1 of 2 photos
In the women’s final, Britain’s Non Stanford, the 2013 WTS World Champion, had not competed at the less-prestigious World Cup races since 2011 and had never won at the lower level.
After surviving her Saturday semifinal heat which advanced the top 14 finishers to Sunday’s A final, Stanford finished 7th in the 400 meter swim, 8 seconds behind swim leader and fellow Brit Jessica Learmonth. In a tightly packed 10 kilometer bike leg, all 30 women arrived in T2 within 200 meters.
China’s Chunyan Xiong started the run in the lead, but was soon passed by Stanford. Stanford charged ahead and never looked back on her way to the win with a tied-for-women's-best 7:59 run split.
“It’s always great to start the season with a win, but I was not confident until the end, because everything was so quick,” Stanford told ITU media. “The key thing today was to have good transitions, and I’m not known for my good transitions, so I just focused on staying calm and getting out fast. I knew there were a few strong runners on the field today and that it could be a sprint finish, but I didn’t worry too much, and that helped a lot.”
Stanford finished in 29:36 with a 4 seconds margin of victory over Laura Lindemann of Germany and 6 seconds over 3rd place finisher Kirsten Kasper of the United States.
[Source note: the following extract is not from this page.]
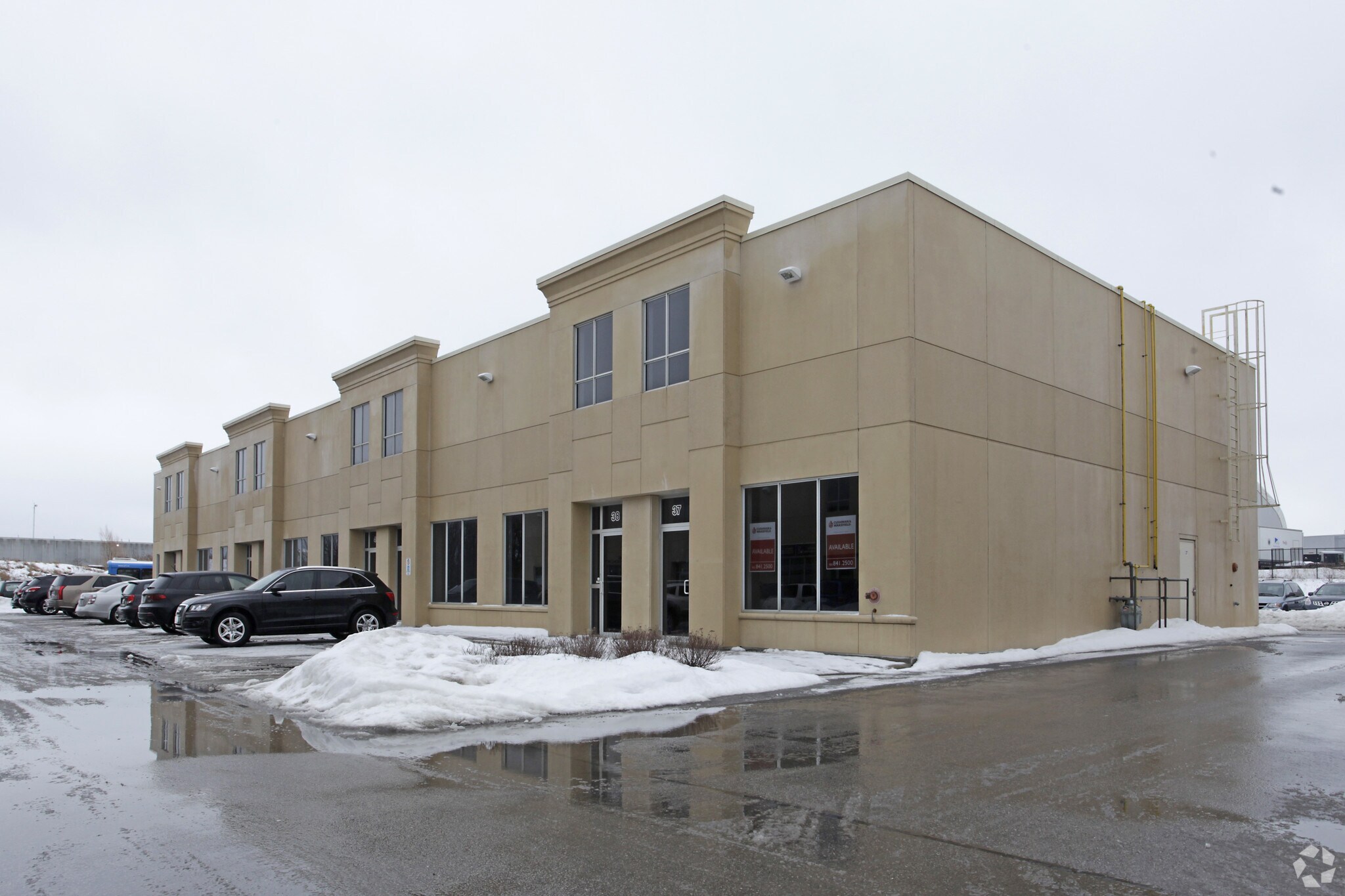 16945 Leslie St, Newmarket, ON à vendre Photo principale- Image 1 de 1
One second later, Clair Michel of Belgium took 4th, 5 seconds further back in 5th place was Chelsea Burns of the U.S, and 5 seconds after that was 6th place Sophie Coldwell of Great Britain.
2 of 2 photos
Getting off to a great start in his World Cup debut, Matthew Hauser of Australia won the pro men’s division of the Chengdu ITU Triathlon World Cup Final by a 2 seconds margin over runner-up Rostislav Pevtsov of Azerbaijan and 4 seconds over 3rd place Luke Willian of Australia.
Hauser’s path to victory started with a 6th place finish in his Saturday semifinal heat on a standard 750 meter swim, 20 kilometer bike leg and 5 kilometer run - which qualified him for Sunday’s final. As configured, the top 9 men in each of the three semifinal heats plus 3 men with the next fastest times qualified for the 30-man final.
In the Sunday A final, Alois Knabl of Austria led the 400-meter swim in 4:41 with WTS swim master Richard Varga of Slovakia one second behind and Hauser right on their heels in 4:43.
The 10 kilometer bike leg did nothing to separate the men as 29 of the 30 starters arrived in a mass pack as Hungary’s Gabor Faldum and Luxembourg’s Bob Haller led the field out on the run. On his way to a race-best 7:01 split for the single 2.5-kilkometer lap, Hauser quickly commandeered the lead and held it to the finish in a time of 26:46.
“I knew I conserved a lot of energy yesterday in the heats and just did what I could to get to the final," Hauser told ITU media. "I knew it was always going to be a running race today, so I tried to conserve on the swim and bike and save it for the run and I managed to execute the processes right.”
Rostislav Pevtsov of Azerbaijan ran a second-fastest 7:02 split to secure the runner up slot, 2 seconds behind Hauser. Luke Willian of Australia ran a 3rd-best 7:04 to take the final spot on the podium, 2 seconds behind Pevtsov.